# July Photo Contest



## Ivyacres (Jun 3, 2011)

Frens, I tink I gots da shot!


----------



## Oceanside (Mar 29, 2021)

Am a pawfessional at this


----------



## Tagrenine (Aug 20, 2019)

I have a human and dog one!


----------



## Coastal Pup (Jan 30, 2021)

Hiking selfie in our matching outfits 😂

It’s cut off but my shirt says “brought the essentials: food, water, dog”


----------



## Wendy427 (Apr 4, 2009)

Cuddled up on a comfy chair.


----------



## diane0905 (Aug 20, 2010)

Logan and me having lunch after a hike:


----------



## Margaux's Dad (Oct 30, 2020)




----------



## Ivyacres (Jun 3, 2011)

I love a popular theme, keep those selfies coming!!!


----------



## CAROLINA MOM (May 12, 2009)

Great entries!


----------



## 3goldens2keep (Feb 13, 2019)




----------



## zinnia (7 mo ago)

3goldens2keep said:


> View attachment 893812


That expression says a lot…🤣 Love it!


----------



## sevans (Jul 18, 2021)

How yous hold dis camera wis paws?


----------



## fourlakes (Feb 16, 2013)

Great theme this month! Here are mom and daugher Tally and Summer.


----------



## 3goldens2keep (Feb 13, 2019)

zinnia said:


> That expression says a lot…🤣 Love it!


Thanks for the comment...she is now approaching ten years old with a full 'powder' face. What you see in her look as a puppy, is still the look she has now...full of fun with a touch of trouble...


----------



## watterdog (Sep 6, 2013)

Here is my guy. Sweet sweet puppy. I love him more everyday.....


----------



## Hudson's Fan (Dec 31, 2019)




----------



## FurdogDad (Mar 30, 2021)

Hey Lola! I've got Dad's phone.....should we order a pizza?

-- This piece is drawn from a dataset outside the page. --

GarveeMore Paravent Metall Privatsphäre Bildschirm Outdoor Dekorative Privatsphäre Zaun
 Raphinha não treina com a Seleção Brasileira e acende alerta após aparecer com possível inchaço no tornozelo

Pupperoni........?


----------



## swishywagga (Nov 13, 2012)

A young Barnaby with his teefy selfie!


----------



## Otis-Agnes (Nov 24, 2015)

Abby being fresh.


----------



## Cjm (Oct 26, 2018)

Aria wanting something


----------



## 3 goldens (Sep 30, 2005)

Not a golden and not eligible, but I love this picture of my Lady Majik trying to cone me out of a lick in my yogurt cup. I had the camera on the patio trying to get a picture a male cardinal coming to the bird feeder just off the patio. Was eating the yogurt and she, who had been sleeping, woke up and saw me eating, and wanted a lick or two in the cup---which I did usually give her. I only had this[ precious old girl 9 months before losing her July 5, but I







am so thankful for pictures like this.


----------



## FurdogDad (Mar 30, 2021)

3 goldens said:


> Not a golden and not eligible, but I love this picture of my Lady Majik trying to cone me out of a lick in my yogurt cup. I had the camera on the patio trying to get a picture a male cardinal coming to the bird feeder just off the patio. Was eating the yogurt and she, who had been sleeping, woke up and saw me eating, and wanted a lick or two in the cup---which I did usually give her. I only had this[ precious old girl 9 months before losing her July 5, but I
> View attachment 894047
> am so thankful for pictures like this.


She always seemed so sweet when you posted about her. She had a Golden spirit......that makes her an honorary Golden in my book.


----------



## JulieCAinMA (Jun 19, 2020)

I’m on Squirrel Patrol, so Mahm helped me take this selfie during my break.


----------



## evburkey (Feb 27, 2021)




----------



## OscarsDad (Dec 20, 2017)

I have lovely brown eyes and I also love to beg (Which is what I am doing in this selfie!).


----------



## Ivyacres (Jun 3, 2011)

*Golden Selfies *is the July theme.
This can be taken with a human or as if the pup was taking their own selfie, sounds fun!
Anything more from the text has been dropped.